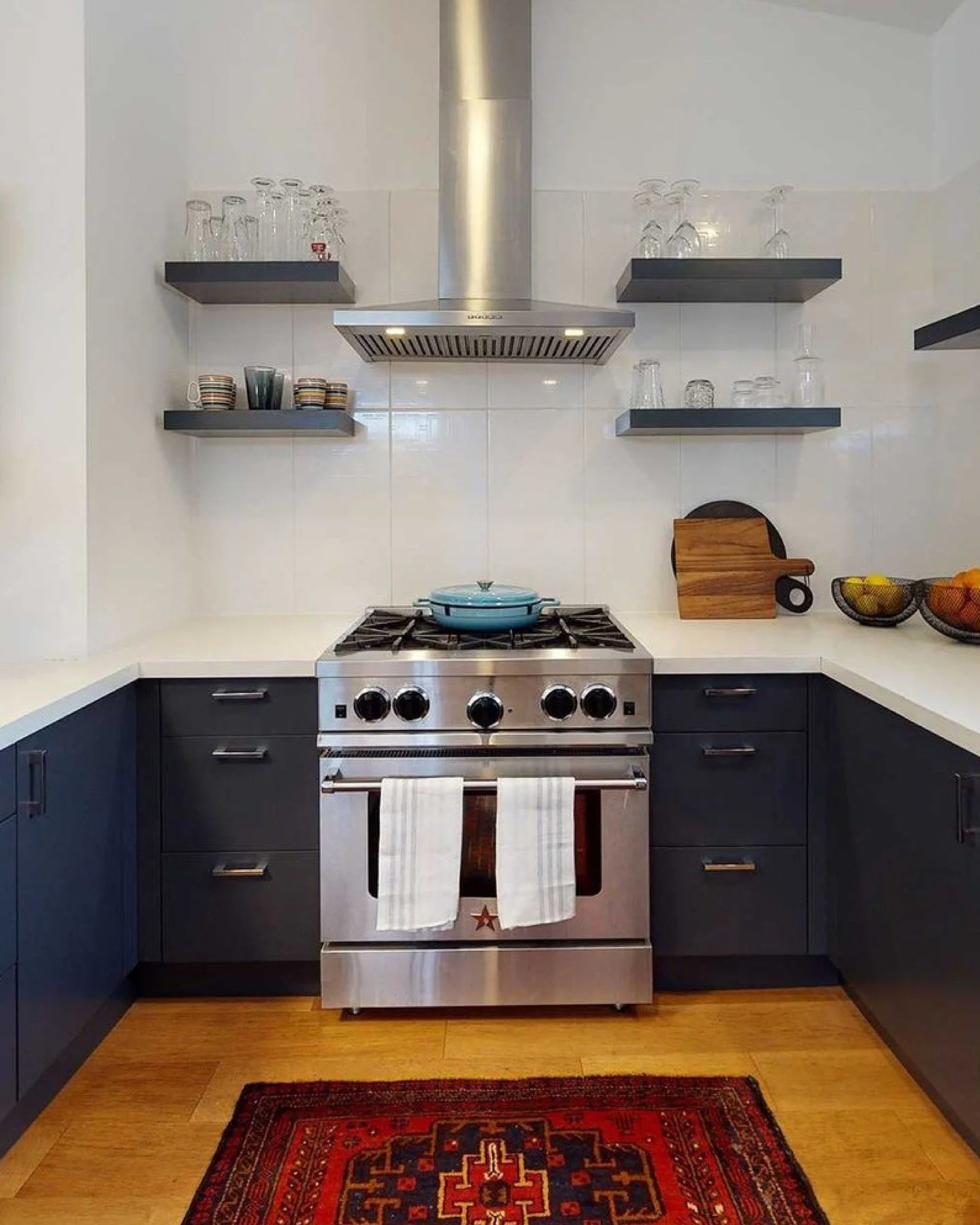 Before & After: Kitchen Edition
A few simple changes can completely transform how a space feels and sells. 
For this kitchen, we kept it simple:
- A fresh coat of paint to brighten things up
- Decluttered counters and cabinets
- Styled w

----

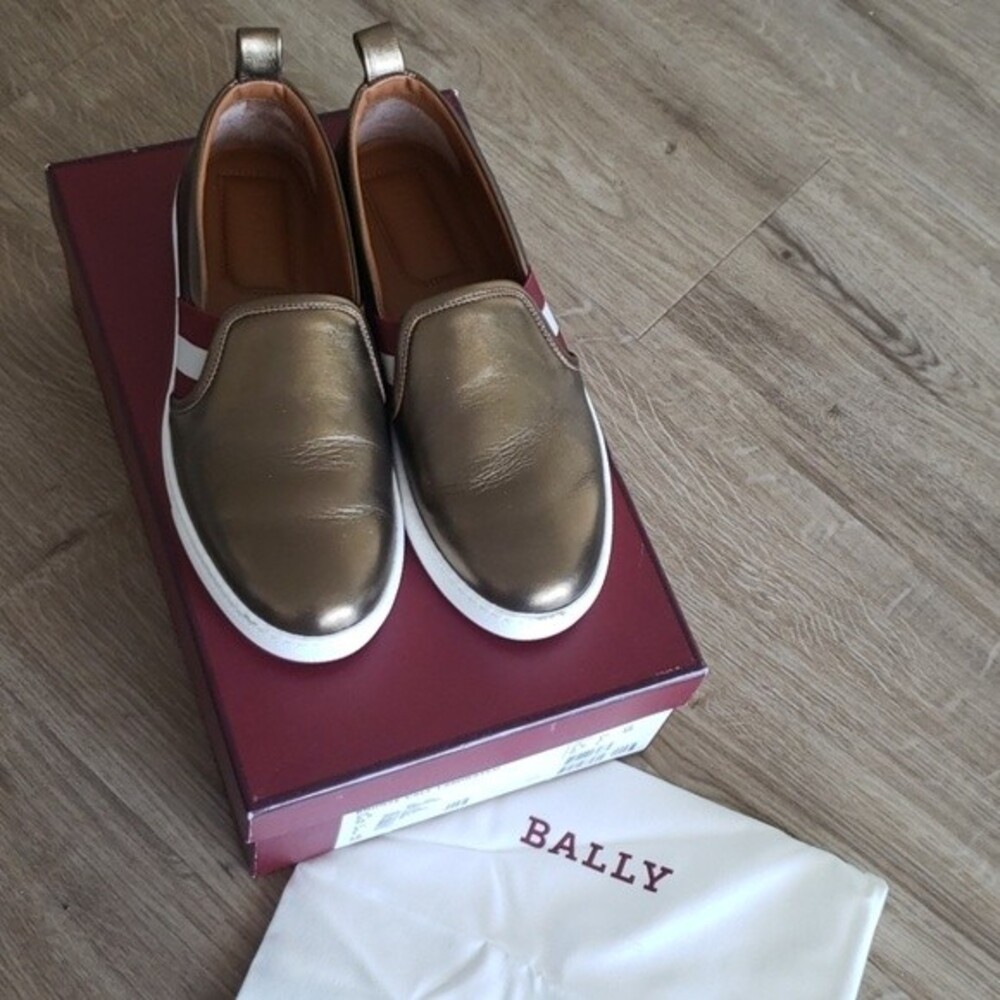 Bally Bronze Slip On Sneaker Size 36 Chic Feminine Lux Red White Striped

----

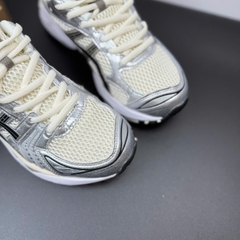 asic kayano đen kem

----

### [EXERCISE AIM]
If a line of the records above holds the word "simple", show it.

### [THE COMPLETED TASK]
A few simple changes can completely transform how a space feels and sells. 
For this kitchen, we kept it simple:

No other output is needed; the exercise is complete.